EXERCISE INSTRUCTIONS: Exactly retype the lines below from the one containing "Manufacturers urged to" through the end of the listing. Leave pictures out.

PROVIDED MATERIAL:

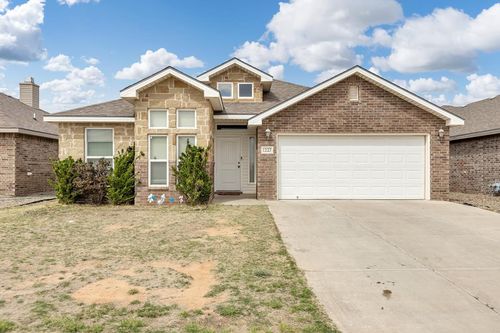 1227 Red River Ln, Midland, TX, 79705-2035 | Card Image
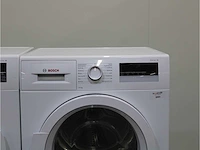 Bosch serie|6 varioperfect ecosilence drive wasmachines & bosch serie|4 wasdrogers - afbeelding 6 van  8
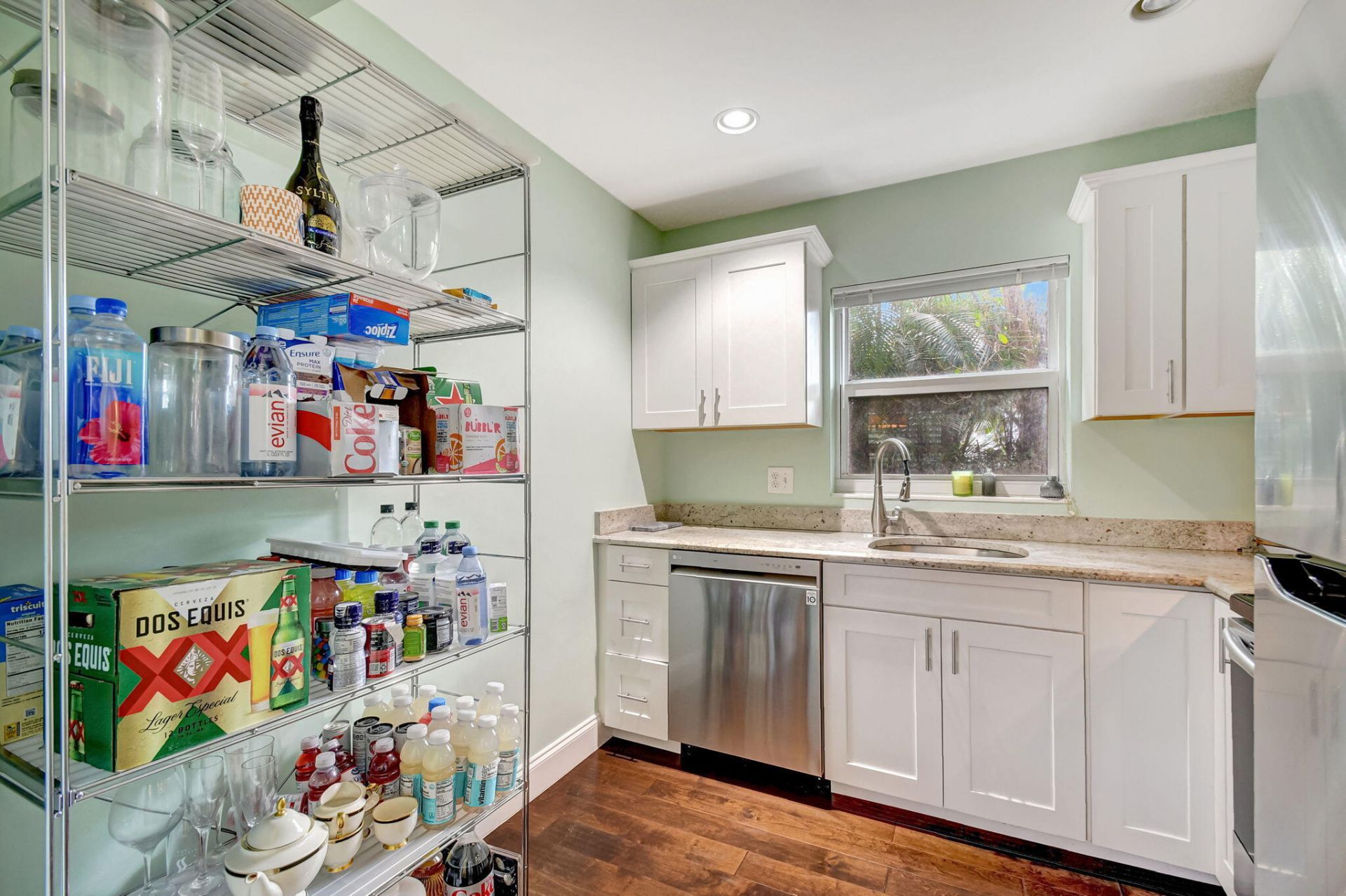 100 Venetian Drive, Unit 3, Delray Beach, FL 33483 Photo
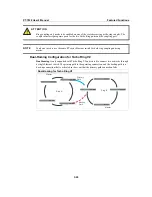 Предварительный просмотр 42 страницы Moxa Technologies PT-7828 Series User Manual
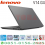 LAPTOP LENOVO V14 G4 IRU 0CHID i5-13420H/16GB/512GB WIN11 14inch FHD GREY - NBL-V14-CHiDi5
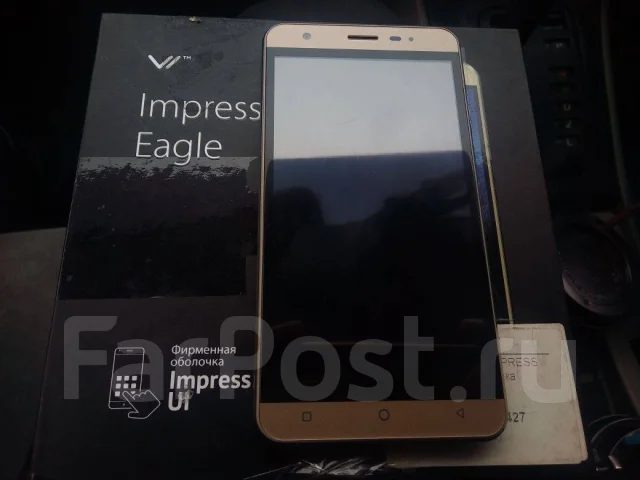 Vertex. �/�, �������, 3G ����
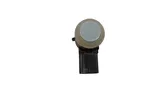 Sensor de aparcamiento PDC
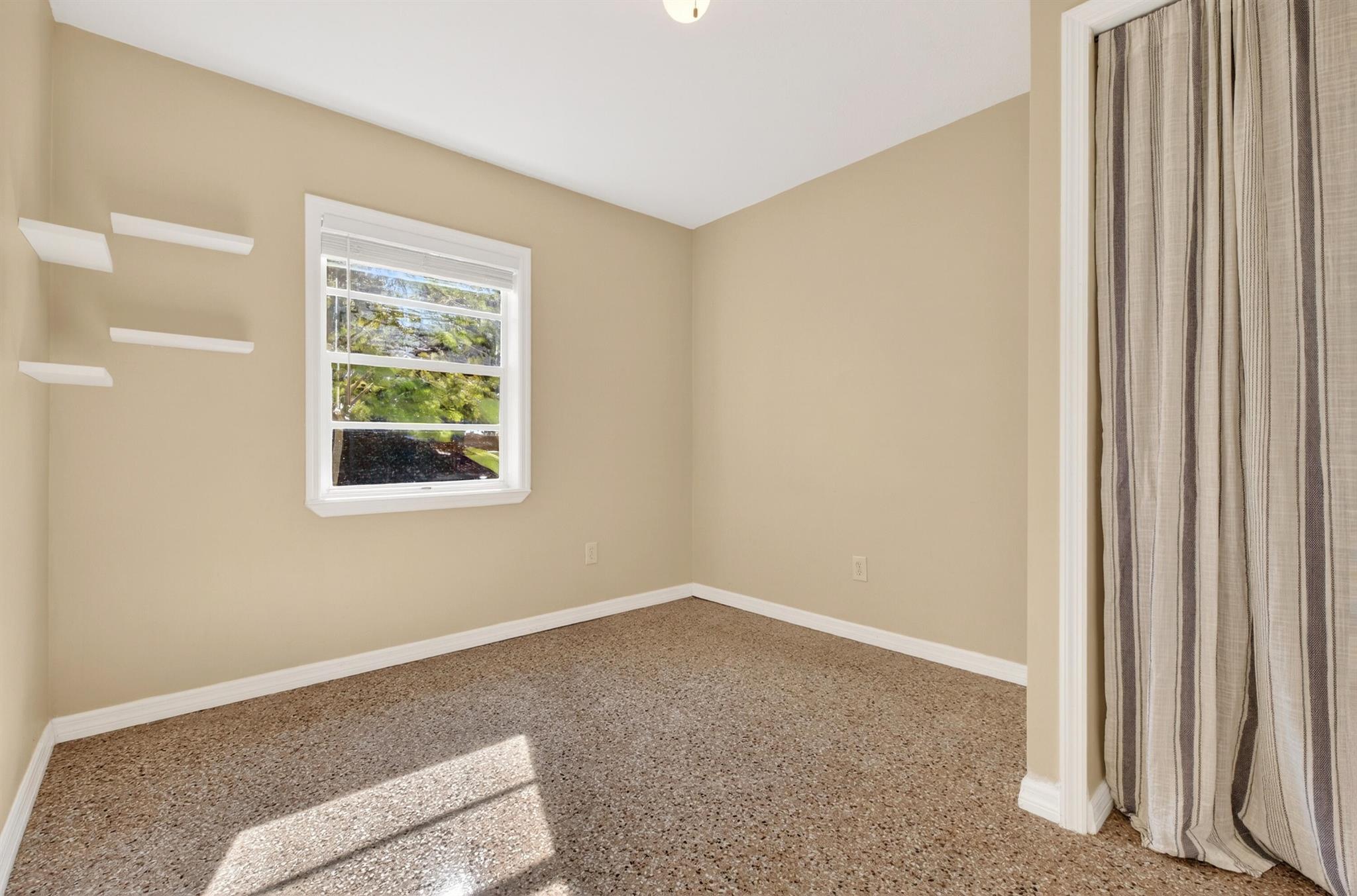 SINDONS - Residential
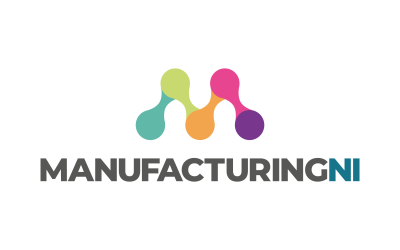 Manufacturers urged to review impact of upcoming UK steel import trade changes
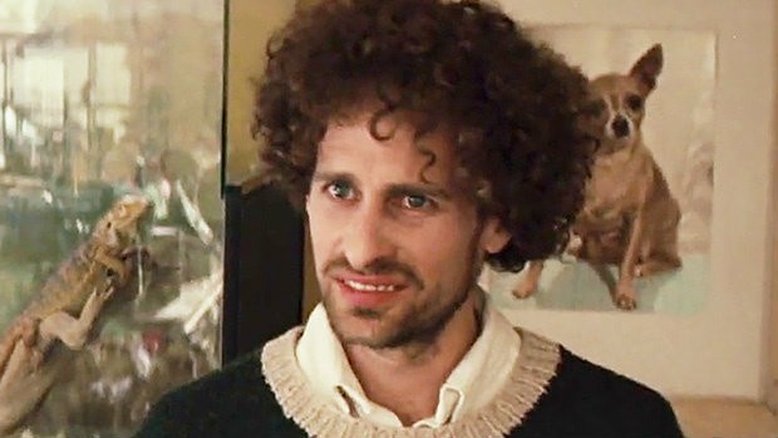 Ator Isaac Kappy se suicida aos 42 anos nos EUA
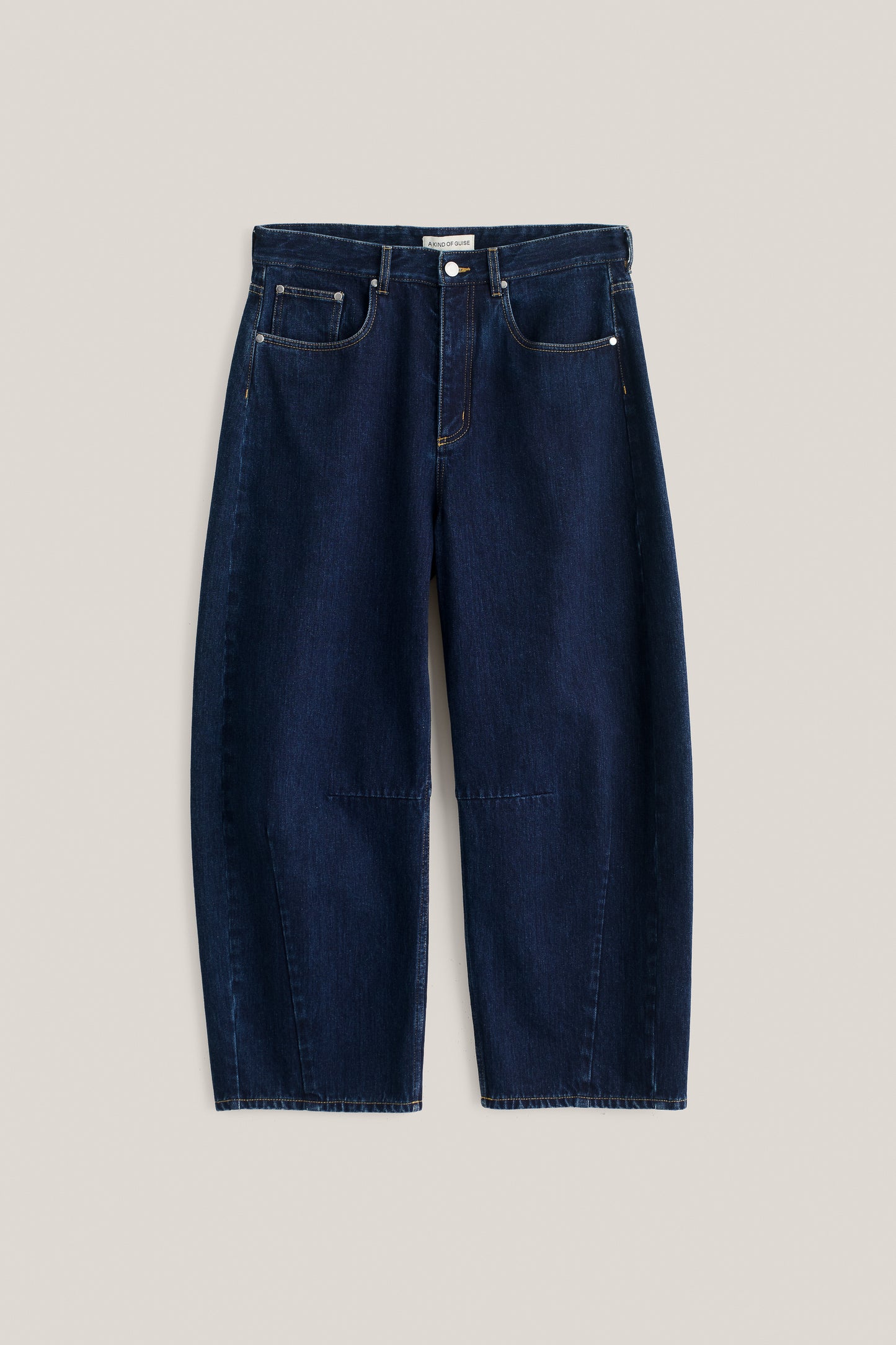 KANDAN JEANS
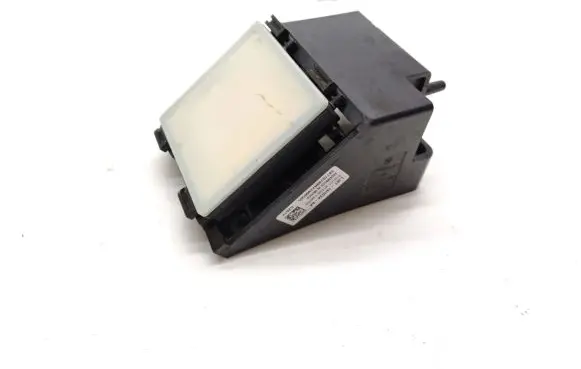 Ford Mach-E I Distronic sensor radar LJ8T-14H034-AK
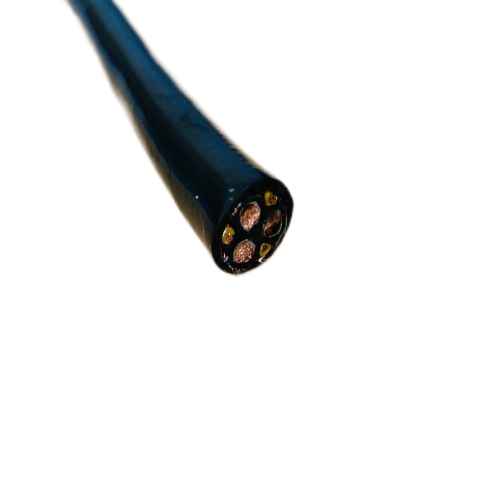 17051114454448.png IMG_0885.png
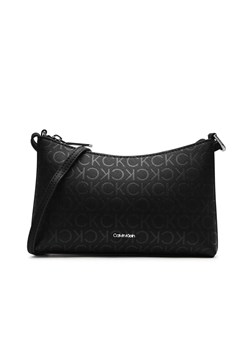 Calvin Klein Listonoszka ze sklepu Gomez Fashion Store w kategorii Listonoszki - zdjęcie 184961436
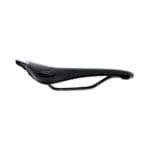San Marco Shortfit 2.0 Racing - Ảnh 3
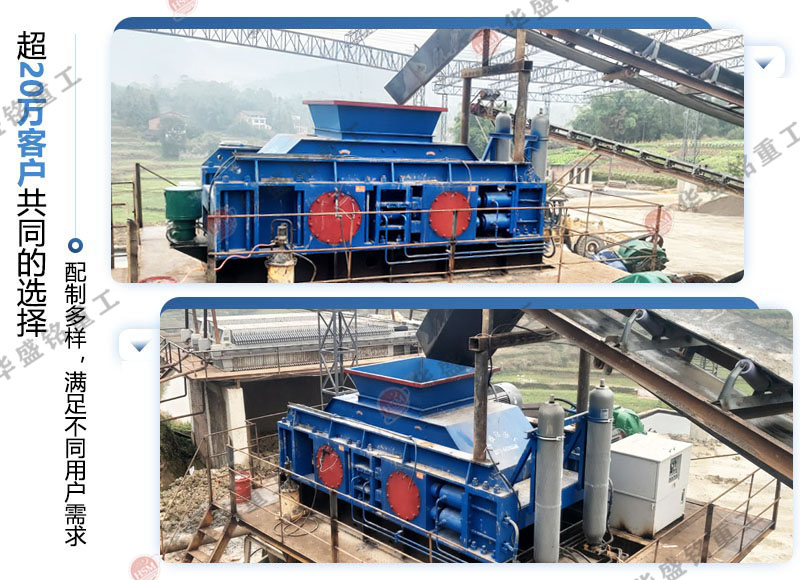 1684120263149806.jpg 314.jpg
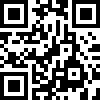 https://shahr.ir/xsYv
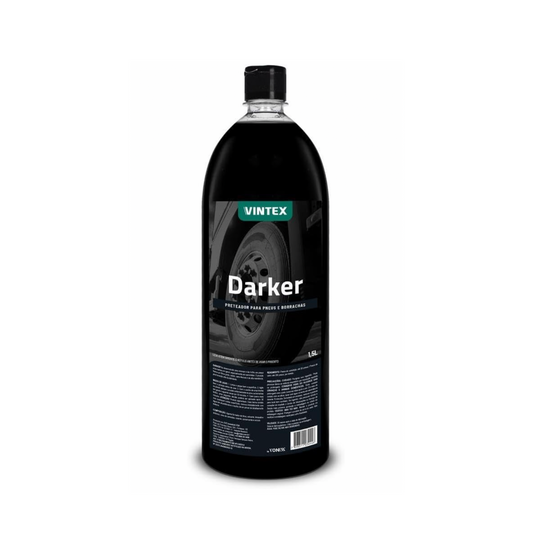 Vintex Darker - De Detailshop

WRITTEN SOLUTION:
 Manufacturers urged to review impact of upcoming UK steel import trade changes
 Ator Isaac Kappy se suicida aos 42 anos nos EUA
 KANDAN JEANS
 Ford Mach-E I Distronic sensor radar LJ8T-14H034-AK
 17051114454448.png IMG_0885.png
 Calvin Klein Listonoszka ze sklepu Gomez Fashion Store w kategorii Listonoszki - zdjęcie 184961436
San Marco Shortfit 2.0 Racing - Ảnh 3
 1684120263149806.jpg 314.jpg
 https://shahr.ir/xsYv
 Vintex Darker - De Detailshop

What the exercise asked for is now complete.